Formally the probability space is defined by a cylindrical construction
expanding the length of finite prefixes up to infinity. For the detailed
construction we refer the reader to \citeauthor{meyer2021tacas} \cite{meyer2021tacas}.

On any given configuration, a Markovian scheduler resolves the non-determinism
first. The probability measure will use the result of the scheduler instead of
the previous configuration. The scheduler keeps the values of the program
variables from the previous configuration. It selects a general transition $g$
and a variable assignment $\tilde{s}$ satisfying the guard of the general
transition. If no such transition is found or the program is already in the
terminating state $\ell_\bot$ it takes the special transition $g_\bot$,
indicating termination.

Let $\scheduler \in \MDS_\Prog$ be a scheduler and $s_0 \in \Sigma$ be an
initial state. First, the probability for a program to start at a configuration
$c$ is 1 only for the configuration that has the initial state $s_0$ at the
start location $\ell_0$ coming from the initial transition $t_\text{in}$. All
other configuration are invalid starting configurations and they are assigned a
zero probability by the probability measure $\prSs : \confs_\Prog \rightarrow
[0,1]$

\begin{equation*}
    \prSs(c) = \begin{cases}
        1 & \text{ if } c = (\ell_0, s_0, t_\text{in}) \\
        0 & \text{ otherwise}
    \end{cases}
\end{equation*}

Let us say that the program ran up to a configuration $c=(\ell,t,s)$. The
scheduler resolves the non-deterministic sampling and branching to
$\scheduler(c) = (g, \tilde{s})$. The probability for the event $c \rightarrow
c'$ that $c'$ follows the configuration $c$ with $c' = (\ell', t', s')$ and $t'
= (\ell, p, \tau, \eta, \_, \ell') \in g$ depends on three things: First the
transition $t \in g$ is taken with the probability $p$; second the probability
that each program variable $x\in\PV$ is updated to the value $s'(x)$ by the
probabilistic update -- recall Definition \ref{def:prob_update}; third that the
temporary variables are sampled by the scheduler equal to the target state.

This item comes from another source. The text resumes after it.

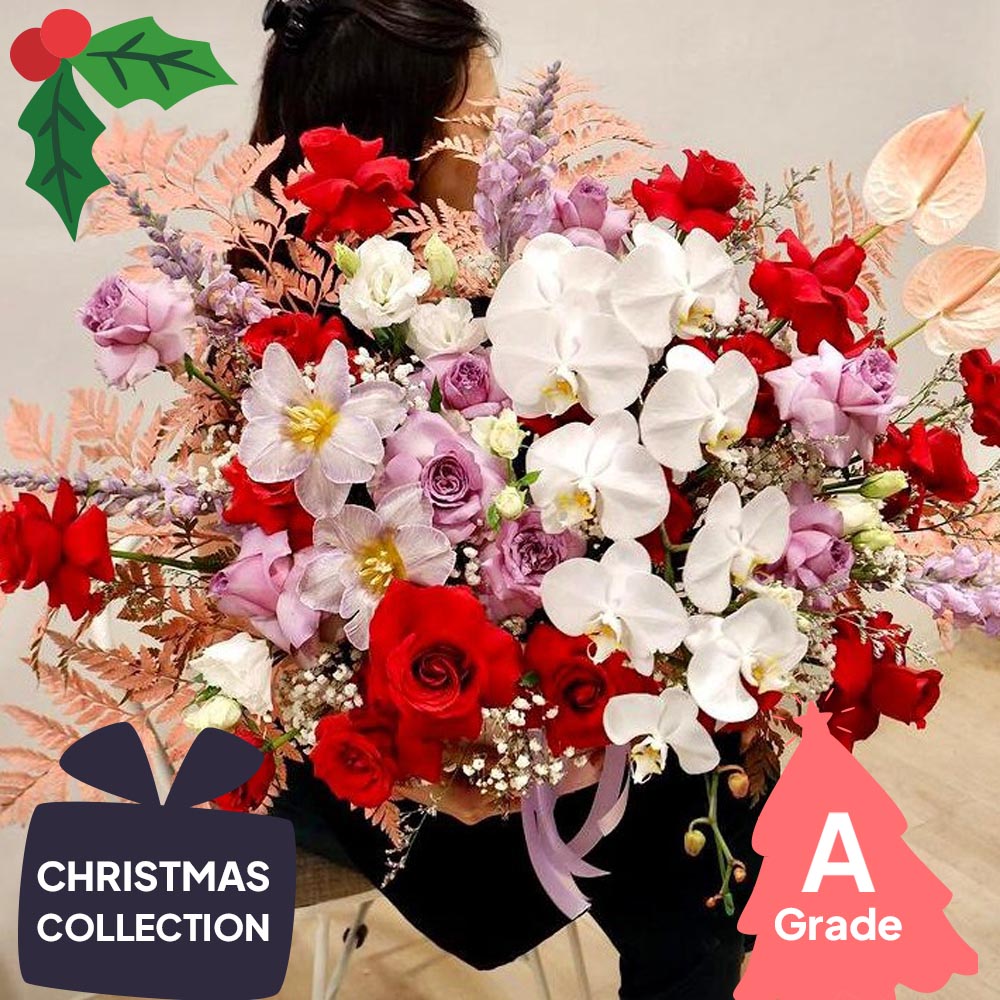 Christmas, Orchid, Premium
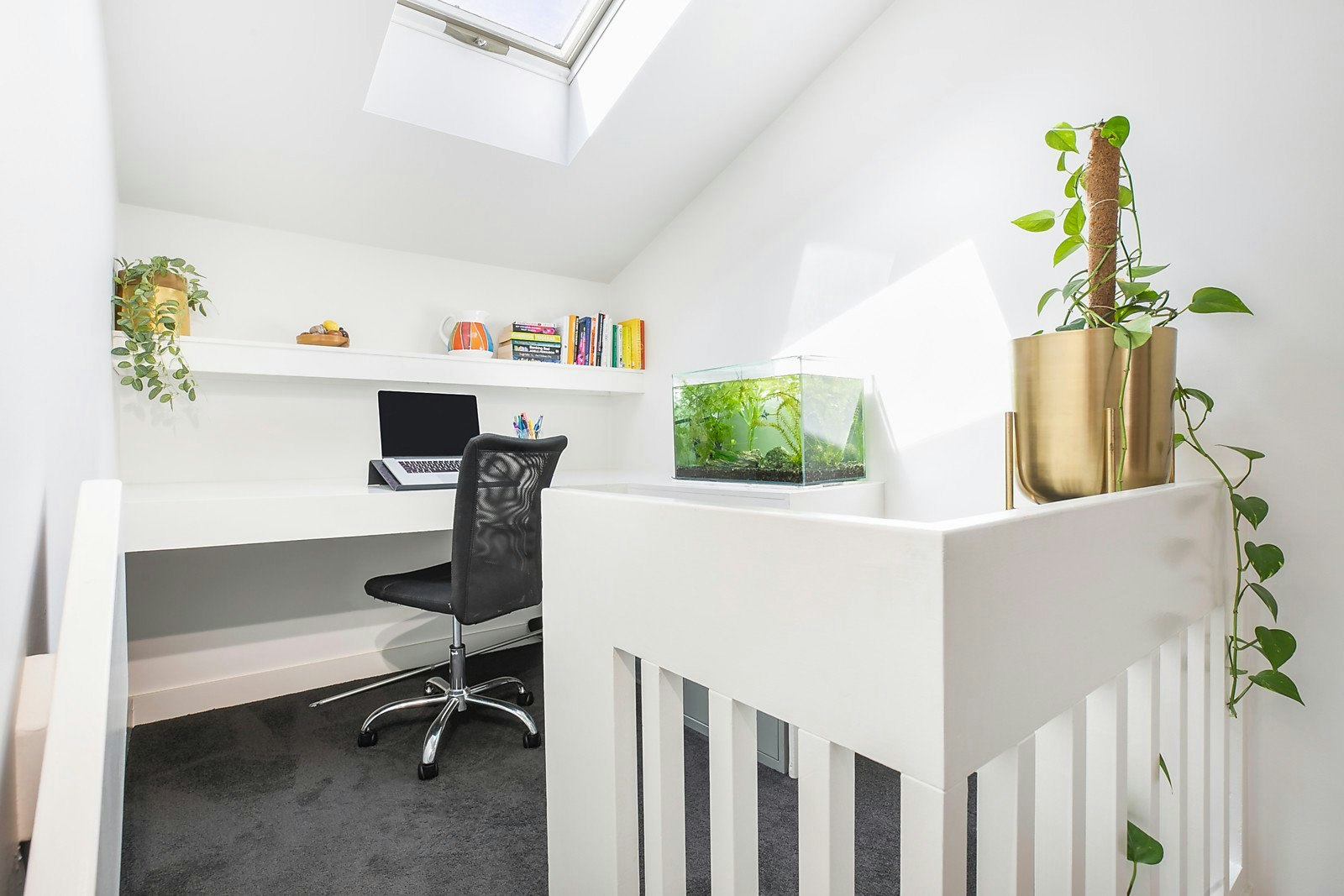 3 Landcox Street, Brighton East, VIC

The
result is the probability measure $\prSs: \confs_\Prog^2 \rightarrow [0,1]$. 

\begin{align*}
    \prSs(c \rightarrow c') = p \cdot \prod_{x\in\PV} [\eta(x)](\tilde{s})(s'(x))
    \cdot \prod_{u\in\V\backslash\PV} \delta_{\tilde{s}(u),s(u)},
\end{align*}

with any $z_1, z_2 \in \Z$: 
\begin{equation*}
    \delta_{z_1,z_2} = \begin{cases}
        1, & \text{if } z_1 = z_2 \\
        0, & \text{if } z_1 \neq z_2.
    \end{cases}
\end{equation*}

Naturally for all other configurations $c'$, such as configurations that are not
reachable by the given transition, or transitions that were not selected by the
scheduler we define $\prSs(c \rightarrow c') = 0$. 

\begin{align*}
    \prSs(f) = \prSs(c_0) \cdot \prod_{i=1}^n \prSs(c_{i-1} \rightarrow c_i)
\end{align*}

By a cylindrical construction one arrives at the final probability measure for
the infinite runs $\PrSs : \runs_\Prog \rightarrow [0,1]$ and the probability
space $(\runs_\Prog, \F, \PrSs)$.

\begin{definition}[Admissible run]\label{def:admissible}
    A finite prefix $f \in \fpath_\Prog$ is \textit{admissible} if and only if
    $\prSs(\varf{}) > 0$. A run $c_0c_1\dots \in \runs_\Prog$ is \textit{admissible}
    if and only if every finite prefix $c_0\dots c_n \in\fpath_\Prog$ is
    admissible.
\end{definition}

\begin{rem}
    An admissible run can very well have a zero probability if the
    probability of its prefixes approach zero for $n \rightarrow \inf$.
\end{rem}

\begin{definition}[Terminating Run]\label{def:termination}
    A run is terminating if it is admissible and it has a finite prefix
    ending in the location $\ell_\bot$.
\end{definition}

By definition only the terminating transition $t_\bot$ is admissible when the
program is in the terminal location $\ell_\bot$ and the following configuration
must again be in the terminal location $\ell_\bot$. A terminating run must end with
infinitely many repetitions of a terminating configuration
$c_\bot=(\ell_\bot,t_\bot,s)$ with some assignment $s\in\Sigma$.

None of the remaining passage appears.